With a tennis ball, and any other spheres lying around the house.

I now wonder, orbits and dance, what’s the difference?
My son is seen pondering the globes a couple of times, and you can see the actual full moon shining through the windows one night.
The big black book is “The History of the Hobbit,” by John D. Rateliff.
This post is already bloated shamelessly with alliterations, especially of the letter “T”, so I won’t drag in the good name of Tolkien.
Except in the tags.
It is a long time since I read Milton’s “L’Allegro” and so I did not know that tripping the light fantastic is his in origin. I don’t know what that 17th century Puritan thought of dancing but surely he would have at least been somewhat bemused at the way his words were taken.
The prayer that I quoted when I last commented that ends with radical trust in the universe begins with “we who have been invited to share in the cosmic dance”, an idea from Thomas Merton. Your artwork is a lovely expression of this idea.
Thank you, Stephen, I really like the Centering prayer you mention. I found the phrase you used online, is this it?
“In times of trouble, and with assurance for what is and all that is to be, May we have faith in the unfolding of our lives, and radical trust in the universe
(excerpted from Psalm 106, Nan Merrill, Psalms for Praying)”
Googling Merton and radical trust, I got this great excerpt from “New Seeds of Contemplation”:
“What is serious to men is often very trivial in the sight of God. What in God might appear to us as “play” is perhaps what he Himself takes most seriously. At any rate, the Lord plays and diverts Himself in the garden of His creation, and if we could let go of our own obsession with what we think is the meaning of it all, we might be able to hear His call and follow Him in His mysterious, cosmic dance. We do not have to go very far to catch echoes of that game, and of that dancing. When we are alone on a starlit night; when by chance we see the migrating birds in autumn descending on a grove of junipers to rest and eat; when we see children in a moment when they are really children; when we know love in our own hearts; or when, like the Japanese poet Bashō we hear an old frog land in a quiet pond with a solitary splash–at such times the awakening, the turning inside out of all values, the “newness,” the emptiness and the purity of vision that make themselves evident, provide a glimpse of the cosmic dance.

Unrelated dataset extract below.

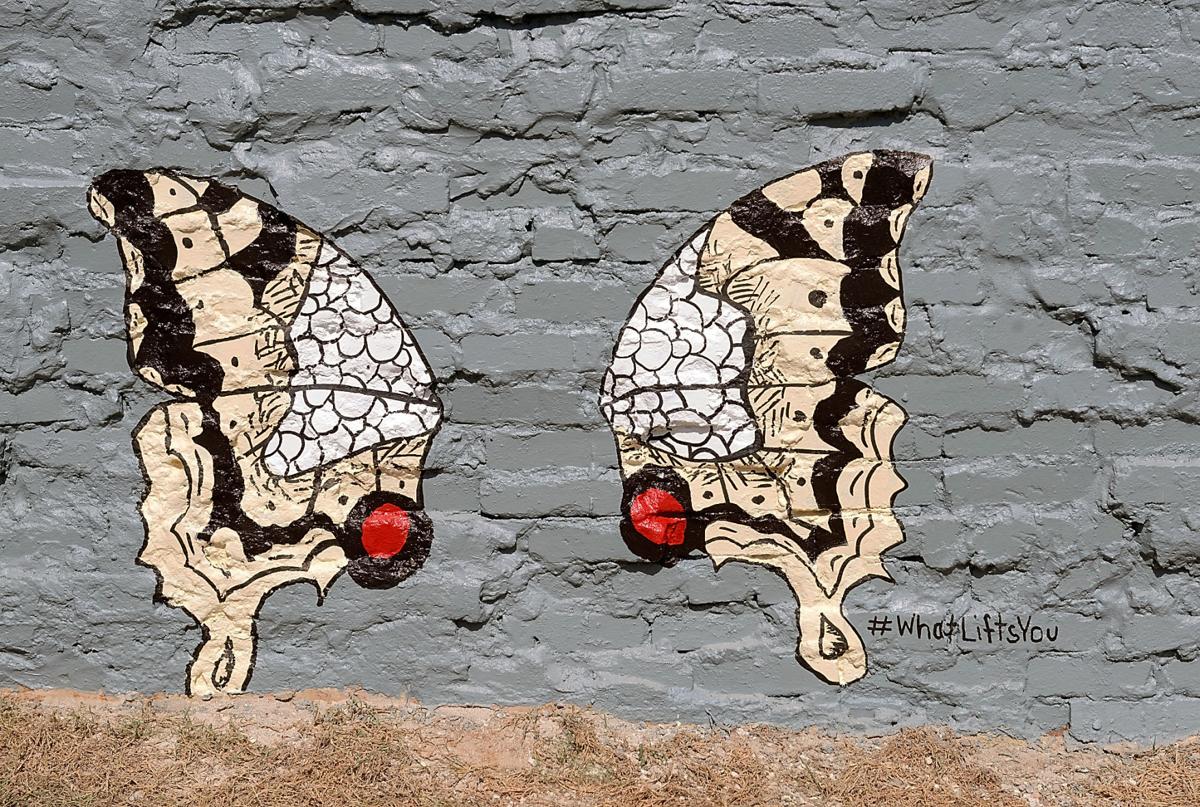 Maryville Gets Its Wings World Famous Artist Paints Wings For New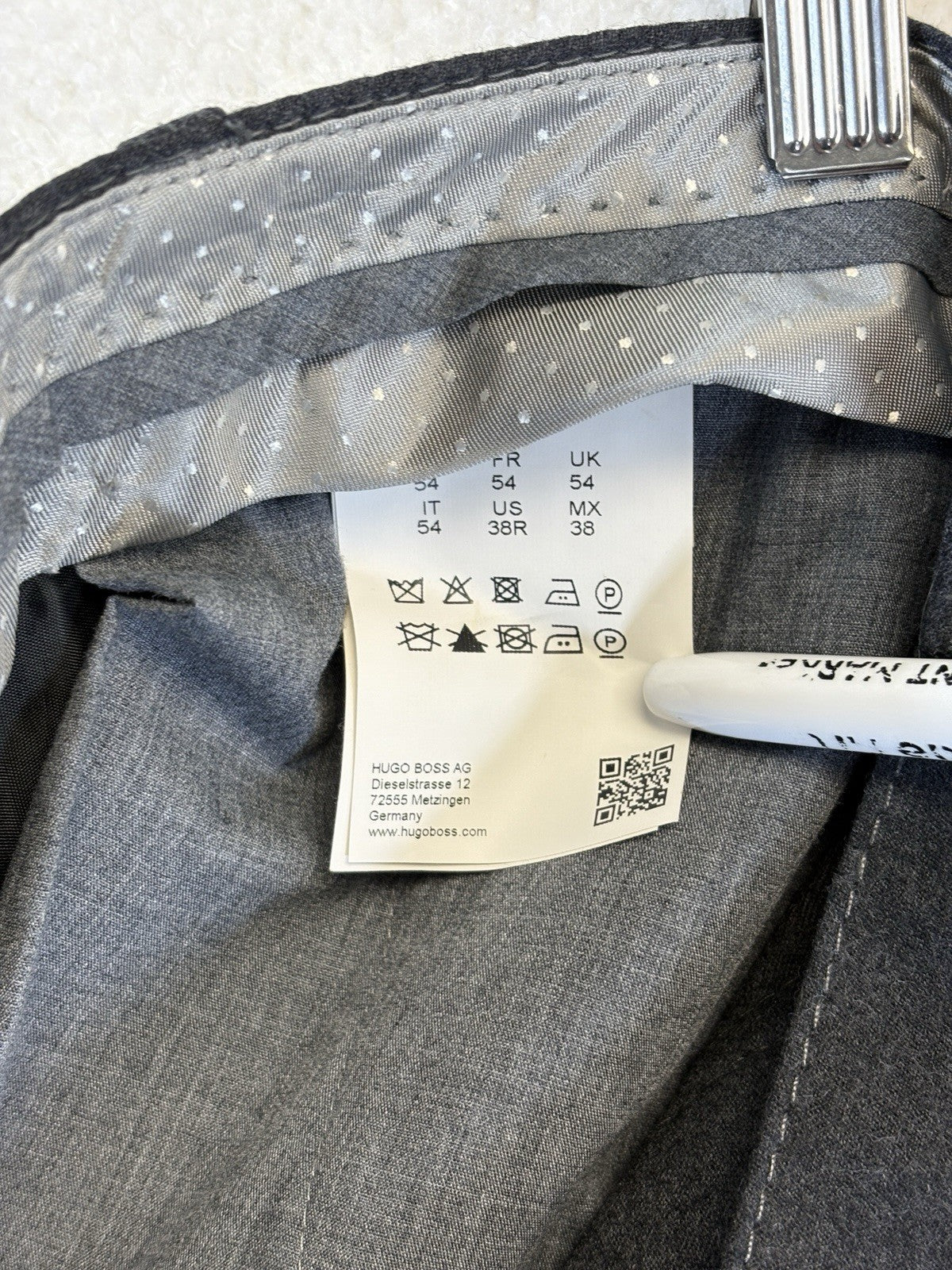 Hugo Boss Straight Fit Pleated Gray Golf Pants Athleisure Chino Mens Size 38x32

“For the world and time are the dance of the Lord in emptiness. The silence of the spheres is the music of a wedding feast. The more we persist in misunderstanding the phenomena of life, the more we analyze them out into strange finalities and complex purposes of our own, the more we involve ourselves in sadness, absurdity and despair. But it does not matter much, because no despair of ours can alter the reality of things; or stain the joy of the cosmic dance which is always there. Indeed, we are in the midst of it, and it is in the midst of us, for it beats in our very blood, whether we want it to or not.
“Yet the fact remains that we are invited to forget ourselves on purpose, cast our awful solemnity to the winds and join in the general dance.”